Pour justifier ces rejets systématiques, les consulats de l’UE invoquent généralement «l’insuffisance des ressources financières déclarées par les demandeurs», ou «le manque de garanties jugées convaincantes quant à leur retour effectif au Maroc après l’expiration du séjour». Des motivations liées à «la nature ou à la conformité des pièces fournies sont également évoquées», ajoute Al Ahdath Al Maghribia, précisant que, «toutefois, une grande partie des personnes lésées estiment que ces motifs manquent de transparence et de clarté, ce qui accentue leur sentiment d’injustice et d’impuissance face à des investissements financiers qu’ils considèrent comme spoliés».

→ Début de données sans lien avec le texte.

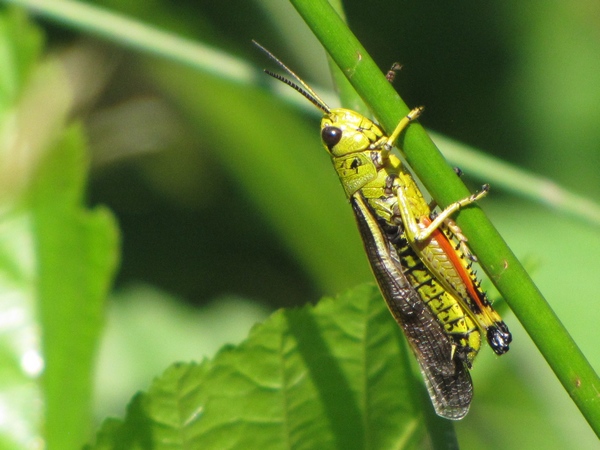 Stethophyma grossum - Mathieu Sannier (LPO Aqu)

Dans ce contexte «de grogne sociale généralisée, les appels émanant des organisations de défense des droits humains et des collectifs de la société civile se multiplient pour réclamer une révision urgente des procédures d’octroi des visas, en particulier celles touchant aux droits économiques des consommateurs face à des prestations payées d’avance», indique le quotidien, qui ajoute que «la Fédération marocaine des droits du consommateur a entamé des démarches visant à étudier la faisabilité d’actions en justice contre certaines plateformes de réservation et sociétés d’intermédiation». Pour Al Ahdath Al Maghribia, l’objectif de cette ONG est «d’exiger la restitution des frais annexes lorsque le service final n’a pas pu être rendu» et «d’inviter l’ensemble des Marocains touchés par ces pratiques à conserver rigoureusement l’ensemble de leurs documents, factures et justificatifs de paiement afin de pouvoir constituer des dossiers de réclamation officiels».